- Feature Name: OpenTelemetry Tracing Integration
- Start Date: 2021-01-12
- RFC PR: (leave this empty)
- Fabric Component: core, sdks
- Fabric Issue: (leave this empty)
This request for comments proposes integrating Hyperledger Fabric, its SDKs, core and chaincode components with the OpenTelemetry project. It introduces the concept of tracing, reporting the execution of chaincode, core components and SDKs to help correlate activities with the chain.
The OpenTelemetry project is a CNCF project that aims to standardize observability. OpenTelemetry is working to create a standard around representing metrics, traces and logs. This proposal aims to bring traceability of code execution in Hyperledger Fabric across peers, orderers and chaincode.
Observability comes from the DevOps world, and is defined in Wikipedia as “a measure of how well internal states of a system can be inferred from knowledge of its external outputs”. Software that is observable exposes its behaviors by sending traces, which represent the path of execution of a particular request. Each trace can be represented as a set of spans that are correlated as child/parent or sequential relationships. Observable software is exposing metrics, representing the internal state of the components, as well as logs, emitted from the execution of the software.
In Hyperledger Fabric, we rely on the OpenTelemetry framework to report traces and correlate them across services.
In practice, this means a request made by a client connected via the Fabric SDK to a node can pass on the context of a trace. Peers and orderers propagate the trace context and create spans indicating their own interaction.
Blockchain operators can reconstitute a graph of the interaction of all the components at play to create a service map. This helps uncover trends and issues of performance, as well as shortening the time it takes to investigate problems. It offers some security capabilities, such as detecting unexpected executions, or react quickly to performance changes. Traces also report as errors when components are unavailable. This allows for monitoring and alerting systems.
Hyperledger Fabric developers can take advantage of those techniques with no code changes. Each SDK execution generates a top-level trace and will report to an endpoint provided by the environment.
Developers may also create a trace before calling out to Fabric in their client code. The current trace information will be sent along with the message to the peer.
The trace information is passed in as an optional gRPC metadata header.
Client SDKs automatically create a trace to capture the call to the chain.
The trace is created with the kind Span.Client.
If a current trace exists, the new client trace adds it as its parent.
The trace and span ID must be sent to the chain as a message header.
The SDK should use the standard environment variable environment to let users define how and if they want to report trace data to an endpoint of their choosing.
Peers and orderers capture and propagate trace information using an optional gRPC metadata header, if enabled.
OpenTelemetry is still relatively young, yet has reached maturity for traces support.
The OpenTelemetry reporting system happens securely over Protobuf, with containers and client applications sending data.
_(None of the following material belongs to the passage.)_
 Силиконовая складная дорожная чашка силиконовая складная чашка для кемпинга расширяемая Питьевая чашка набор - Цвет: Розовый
This requires that an OpenTelemetry-compatible endpoint is present to receive the data.
This design allows full observability of Hyperledger Fabric, to a degree of detail that will help developers understand the impact of their deployment topology and organize operations using the latest framework. This allows Hyperledger Fabric to report meaningful data just like cloud-native applications.
Alternatively, developers can develop their own homegrown designs to report data along the way, or use logs only to understand how the system performed and investigate issues.
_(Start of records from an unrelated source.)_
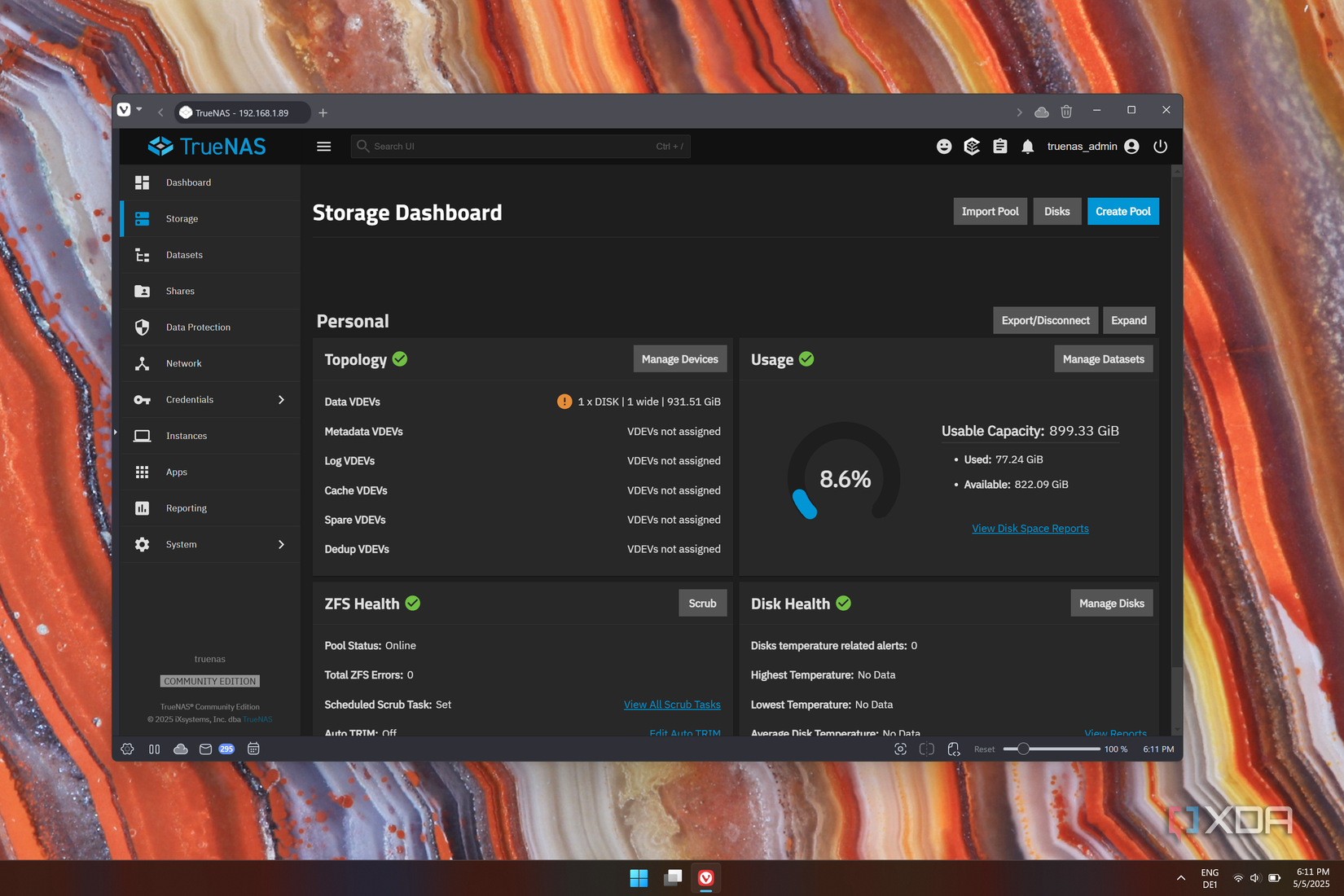 Screenshot of TrueNAS showing information about a storage pool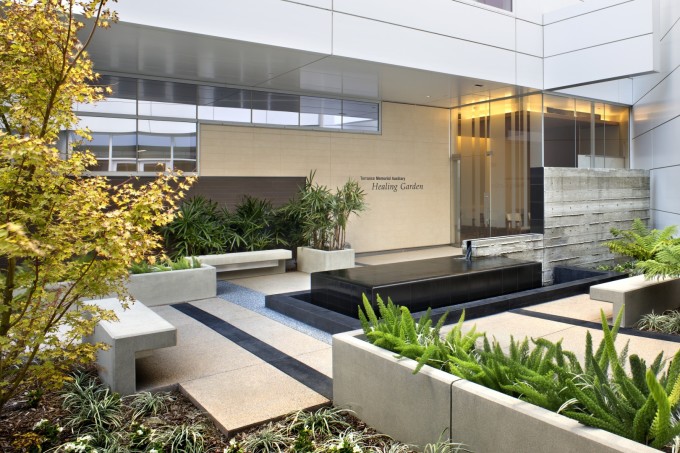 The Healing Garden at Torrance Medical Center offers healthcare design solutions that are calming.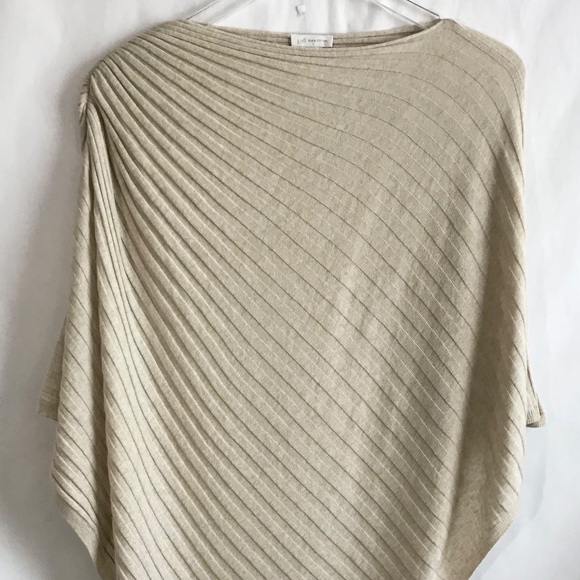 J Jill Silk Cotton Blend Textured Knit Poncho Sweater Size OS Asymmetrical Hem - Picture 3 of 7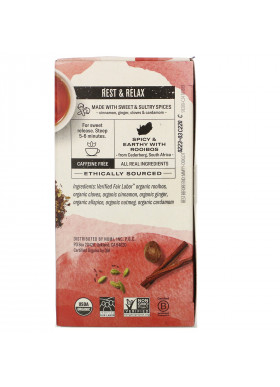 Numi Tea, Organic Herbal Teasan, Rooibos Chai, Caffeine Free, 18 Tea Bags, 1.71 oz (48.6 g)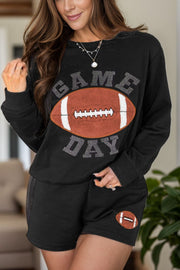 Black cotton sweatshirt and shorts set with rhinestone Game Day football graphic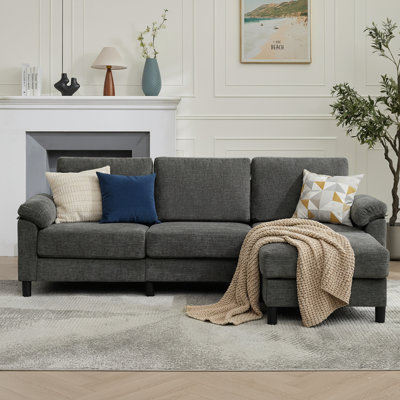 4-Piece Upholstered L-Shape Convertible Sectional Couches Sofas with Ottoman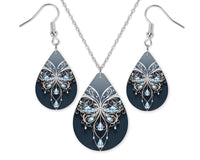 Crystal Butterfly Earrings and Necklace Set - Sew Lucky Embroidery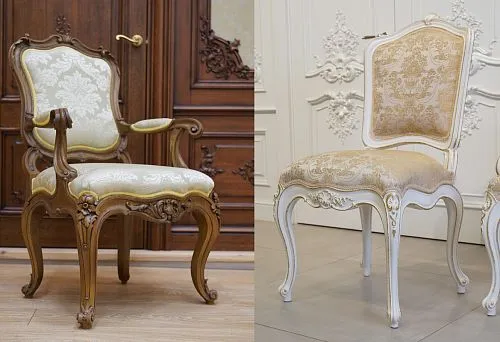 A pair of elegant chairs in white-gold tones with decorative carving, perfectly suited for stylish living room decor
We have brought a similar design to Hyperledger Besu, where we started adding tracing to the HTTP JSON-RPC service used by clients to communicate with the node. We also created traces in critical processes throughout the client to understand the performance of the code running there. We created a complete application that can report the state of the client and the health of its internal mechanisms.
We also have published a webinar with the OpenTelemetry project showcasing how Hyperledger Fabric can rely on OpenTelemetry to report the state of execution and eliminate the black box feeling operators contend with.
In addition to the current integration testing scenarios, it will be required to test the system alongside an instance of the OpenTelemetry collector collecting traces from the client applications. The OpenTelemetry instance can report to a zipkin application all this information so testers can verify the correctness of the traces published.